Those of us who have been following this case (along with our clients) had their alarms set to check the docket this morning for a dismissal, as the judge was very clear that today was the deadline for the plaintiff attorneys at Dunlap Grubb & Weaver, PLLC to either name defendants or dismiss them according to the dictates of Federal Rules of Civil Procedure (FRCP) Rule 4(m). This rule gives plaintiff attorneys 120 days to name and serve defendants or to dismiss them.

There was an interesting note in these dismissals, [and it was not the fact that along with the dismissals the plaintiff attorneys asked for yet another 120-day extension to name and serve the remaining defendants].

What was notoriously MISSING from the dismissals were the defendants who had Charter Communications as their ISP. As the documents below indicate, not one Charter defendant was dismissed.

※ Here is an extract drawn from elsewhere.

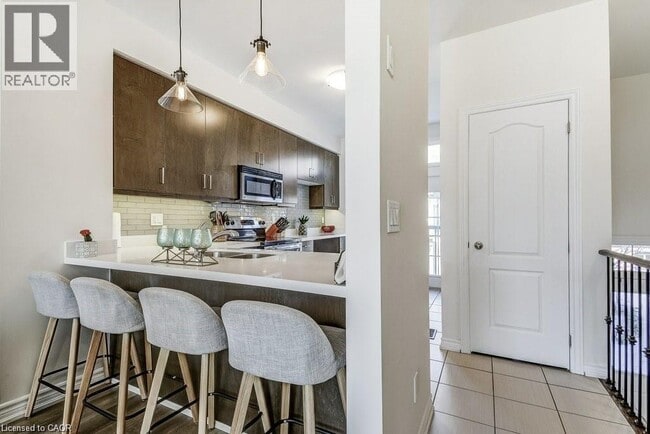 Photo du bâtiment - 2362 Treversh Common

While there is no obvious reason for this, because I get phone calls each day from various Doe Defendants, I learn which ISPs have production dates due in the near future, and Charter is one of them. Charter still has at least one subpoena request (with potentially hundreds of defendants) which they have not yet turned over to Dunlap Grubb & Weaver, PLLC. As far as I can recall, this subpoena is due at the end of August.

So for those of you who are Charter Communications subscribers, I would not be shocked or surprised that you have not yet been dismissed. It appears to me as if your plaintiff attorneys are waiting until the results are in (e.g., until they receive all the accused subscribers’ contact information) before they do the next round of dismissals, which I expect to include Charter Communications’ subscribers.

For those of you who are putative John Doe Defendants in this case, please look for your IP address in this document to determine whether you have been dismissed. If you have, allow me to congratulate you on your victory.